02 Temmuz 2024 Salı
Ana sayfa » “Kim Rüşvet Almışsa Hesap Sorulmalıdır”
“Kim Rüşvet Almışsa Hesap Sorulmalıdır”

“Kim Rüşvet Almışsa Hesap Sorulmalıdır”

İzmir’de, Konyalılar Federasyonu üyeleriyle bir araya gelen eski Başbakan ve AKP Konya Milletvekili Ahmet Davutoğlu, ABD’de devam eden, Reza Zarrab’ın tanık olarak ifade verdiği Hakan Atilla davasıyla ilgili konuştu.

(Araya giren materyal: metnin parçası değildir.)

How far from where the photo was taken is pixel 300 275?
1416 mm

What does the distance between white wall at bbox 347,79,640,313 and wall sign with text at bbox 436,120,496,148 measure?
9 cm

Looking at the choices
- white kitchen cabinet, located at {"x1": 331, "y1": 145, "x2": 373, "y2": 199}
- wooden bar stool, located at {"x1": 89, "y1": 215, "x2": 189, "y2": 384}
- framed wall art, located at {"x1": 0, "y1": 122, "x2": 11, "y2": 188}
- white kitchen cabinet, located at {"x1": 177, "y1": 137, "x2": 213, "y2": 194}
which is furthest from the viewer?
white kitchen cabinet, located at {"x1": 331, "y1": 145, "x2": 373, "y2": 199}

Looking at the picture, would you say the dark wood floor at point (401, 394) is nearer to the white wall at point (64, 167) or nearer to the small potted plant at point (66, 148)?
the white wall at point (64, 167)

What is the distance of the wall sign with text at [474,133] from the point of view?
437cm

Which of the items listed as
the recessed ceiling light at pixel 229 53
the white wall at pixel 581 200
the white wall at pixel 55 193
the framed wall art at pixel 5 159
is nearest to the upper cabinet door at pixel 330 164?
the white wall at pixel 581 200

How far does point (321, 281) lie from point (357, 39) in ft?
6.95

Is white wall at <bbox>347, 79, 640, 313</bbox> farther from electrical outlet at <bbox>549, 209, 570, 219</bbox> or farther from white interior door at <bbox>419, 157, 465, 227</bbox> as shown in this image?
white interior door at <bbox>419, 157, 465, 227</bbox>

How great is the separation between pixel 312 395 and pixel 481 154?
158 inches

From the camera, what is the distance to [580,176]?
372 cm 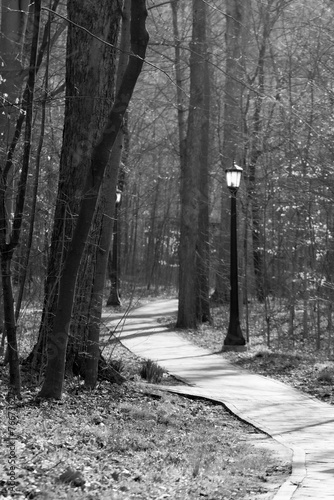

“Kim Rüşvet Almışsa Hesap Sorulmalıdır”

“İzzeti ve adaleti olmayan bir devletin yaşama şansı yoktur” diyen Davutoğlu, şöyle devam etti:

“Bugünlerde, ciddi sınamalarla karşı karşıyayız. Bugünlerde ülkemize, devletimize, vatanımıza dönük farklı kuşatma faaliyetinin farkında olmamız lazım. New York’ta bir Türkiye Cumhuriyeti ve yöneticilerini de izam etmeye çalışan bir mahkeme görülüyor. Bir kere, şunun bilinmesini ve bütün dünya tarafından ve zihinlerden çıkarılmamasını isteriz. Devletimiz, izzet temeli üzerine kurulmuştur. Devletimizin izzetine kim el uzatırsa 80 milyon, tek yürek olarak çelik bir sur gibi oluruz. Türkiye Cumhuriyeti Devleti’nin izzeti, bağımsızlığı ve egemenliği ile inşa edilmiştir. Biz, onun için Selçuklu’da Moğollara ve haçlılara karşı, Osmanlı’da yedi düvele karşı, İstiklal Harbi’nde ‘Ya istiklal ya ölüm’ dedik. Kimse, bizi böyle bir tercihle karşı karşıya bırakmasın. Yine deriz ki ‘Ya istiklal ya ölüm’.”

 

“Hesap sorulmalıdır”

Reza Zarrab’ın Türkiye’nin izzeti ve itibarı ile oynamak yanında adaleti de rencide eden beyanatlarda bulunduğunu kaydeden Davutoğlu, “Devletimizin izzeti ve itibarı anlamında yapılan her komplo karşısında dimdik dururken adaleti ve ahlakı hakim kılmak zorundayız. Devletimiz ateş çemberi içinden geçerken her birimiz bu ülkeyi bu ateş çemberinden nasıl çıkarırız diye düşünürken Rıza Zarrab başta olmak üzere bu ateş çemberindeki ülkenin düştüğü zor şartlarda kim kendi çıkarını düşünmüşse, kim servetini artırmayı planlamışsa, kim rüşvet almışsa, kim haksız kazanç peşinde olmuş ve elde etmişse onlardan da hesap sorulmalıdır. Biz buradayız. Bu ateş çemberin içinden geçerek geldik. Mücadele yürütürken eğer Türkiye’de yanlış bazı işler olmuşsa bu yanlışın hesap verilme makamı da New York değil Ankara’dır, Türkiye Cumhuriyeti mahkemeleridir. Bu anlamda İran’a da dost bir ülke olarak düşen görev de budur” dedi.